A côté de cette science, Marx aurait fondé une autre discipline, la philosophie marxiste. Elle aussi est scientifique, c’est-à-dire en rupture épistémologique avec les philosophies qui la précèdent, de même que la théorie marxiste, scientifique, de l’histoire est en rupture avec les théorie idéologiques de l’histoire (philosophie de l’Histoire notamment).

Mais là Marx nous a donné explicitement un nombre encore moins grand d’éléments : il nous faut presque tout développer à partir d’indications pratiques.

Et à vrai dire Althusser ne dit pas beaucoup plus de choses, à part énoncer deux principes, ou plus exactement définir les deux termes de matérialisme et de dialectique :

  • matérialiste : importance de la distinction de l’être et de sa connaissance, et du primat de l’être sur la pensée, ou du réel sur sa connaissance
  • dialectique : la philosophie marxiste doit prendre en compte le fait que la connaissance est un processus de production, et donc qu’elle a une histoire. Des concepts propres à cette conception seront donc ceux de coupure épistémologique, ou encore de pratique théorique,…

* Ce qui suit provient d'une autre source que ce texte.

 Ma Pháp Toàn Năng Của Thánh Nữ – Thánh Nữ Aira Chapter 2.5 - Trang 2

C’est pour cela que c’est Marx, fondateur de la science de l’homme, qui a aussi fondé la philosophie scientifique : parce qu’ayant découvert l’histoire, il devait bouleverser la philosophie, et ne plus considérer la connaissance indépendamment de l’histoire, de son processus de production.

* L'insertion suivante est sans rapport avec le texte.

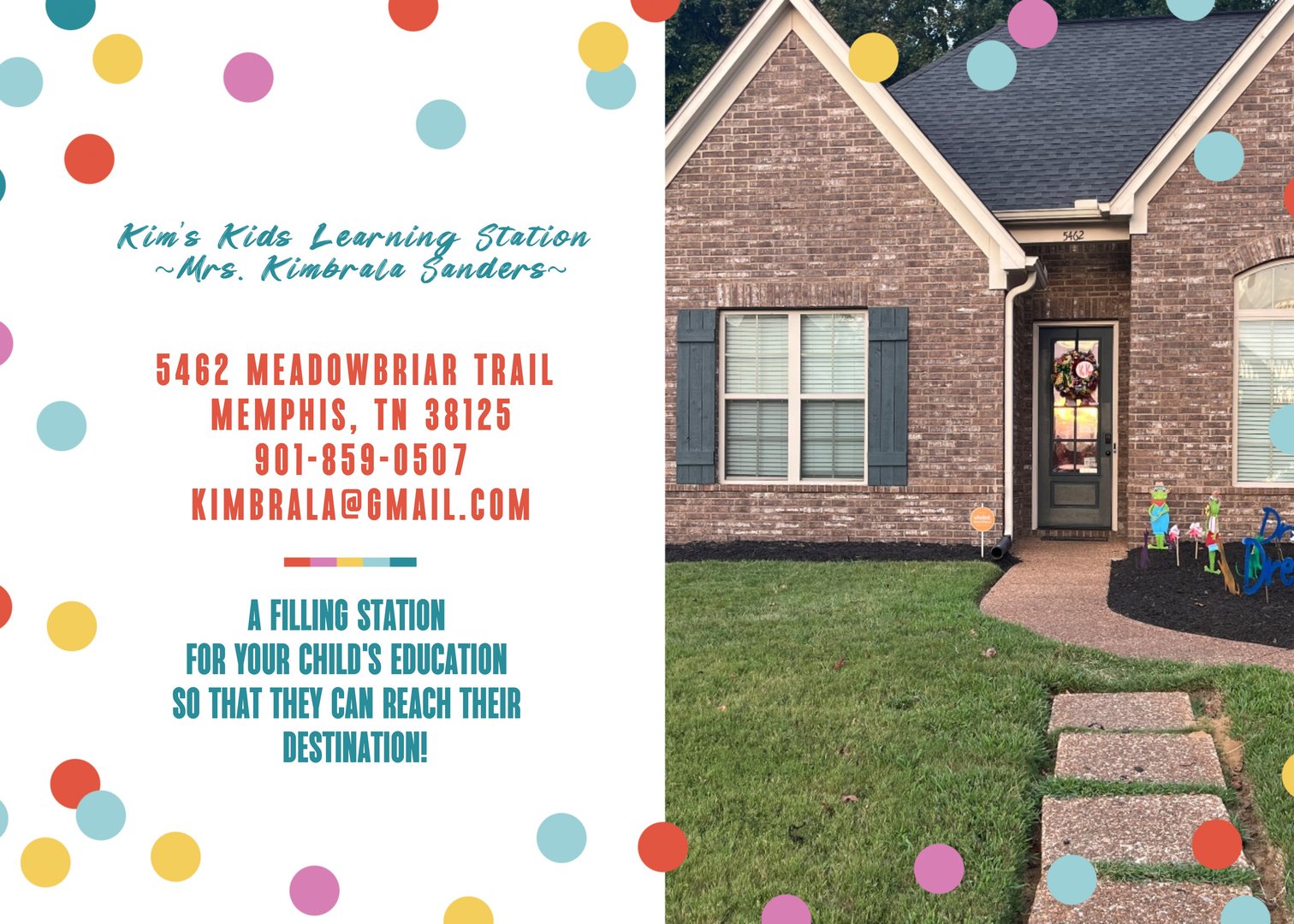 Kim's Kids Learning Station LLC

Tout cela vise deux adversaires théoriques principaux, qui tous deux ignorent tant l’importance de la théorie que la distinction entre science et philosophie.

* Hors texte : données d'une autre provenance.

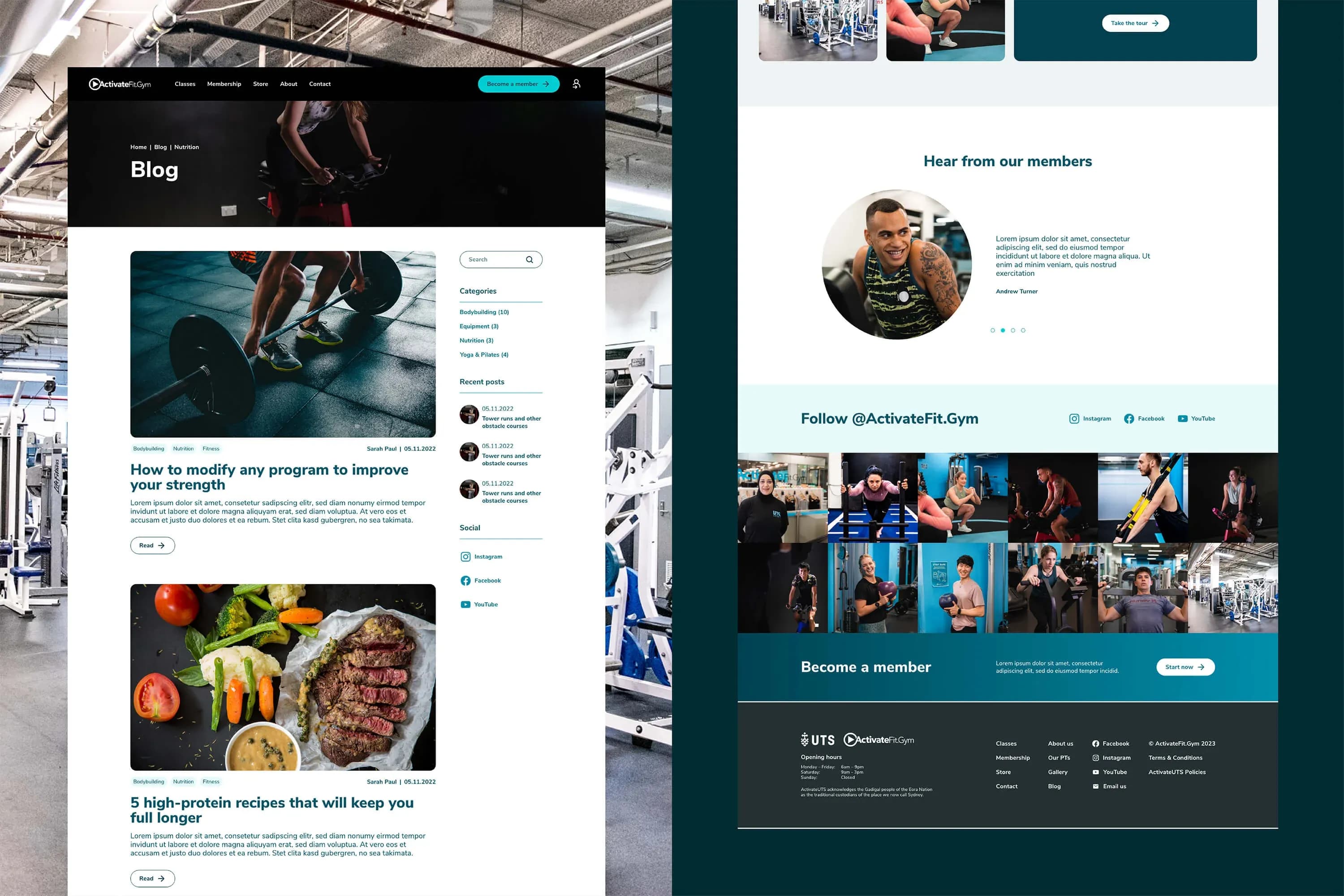 ActivateFit.Gym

Ce sont l’historicisme et l’empirisme :

– l’historicisme consiste à croire que le marxisme n’est que la connaissance du présent, la conscience du présent (en disant par exemple que Marx ne nous donne dans le Capital que la connaissance du capitalisme, alors qu’il fonde une science).

Car cela implique la série d’identités suivantes : science = connaissance du présent = conscience de soi du présent = philosophie (au sens hégélien).

C’est pour cela que l’historicisme nie la distinction science /philosophie. En vérité il nie le caractère scientifique du marxisme, en croyant qu’il n’est que l’expression ou la conscience de soi d’une époque, puisque cela veut dire qu’il ne serait pas vrai à une autre époque.

– l’empirisme consiste à croire que l’on peut connaître la réalité directement, par simple observation et généralisation, alors que pour Althusser on a besoin d’un fort cadre théorique.

C’est l’idéologie spontanée des savants, mais elle peut conduire à des crises (comme la crise des sciences physiques, avec Mach au début du XXème siècle).

C’est là que l’on comprend l’importance d’une discipline philosophique scientifique, comme le matérialisme dialectique : pour que la science ait une bonne conception de ce qu’elle est en train de faire, et ne sombre pas dans la crise à cause d’une conception idéologique de sa propre pratique

III) Position du texte dans l’oeuvre d’Althusser

C’est sur ce dernier point particulièrement, qui correspond à la fin du texte, qu’on voit que ce texte est un texte de transition. Pour l’instant Althusser semblait en pure continuité avec ce qu’il disait dans Pour Marx et Lire le Capital. Mais avec ce point on voit que s’annoncent des thèses ultérieures.

En effet, ici Althusser nous dit certes que la philosophie est une discipline rigoureuse, presque scientifique, et s’apparente à une science des science. Mais en même temps il affirme que l’intérêt de cette philosophie est de lutter contre des conceptions idéologiques de la science.

Il commence à voir la philosophie comme lutte, et cite en particulier Lénine qui affirme qu’il faut « prendre parti », en un sens politique, en philosophie. Est donc en germe la thèse de Lénine et la philosophie : conférencee prononcée en 1968 et publiée en 1969. Dans ce texte il soutiendra que la philosophie est un « champ de bataille », entre deux tendances principales : idéalisme et matérialisme. Donc la philosophie est un type de discours qui fait le lien entre la politique et la science. Plus tard, il ira encore plus loin : la philosophie sera définie comme « lutte de classes dans la théorie » (Réponse à John Lewis).

Donc certes elle restera définie par son rapport à la science (rigueur, cohérence, critique…), mais cela sera finalement secondaire. C’est par son rapport à la politique, à la lutte des classes, qu’Althusser définira en premier lieu la philosophie.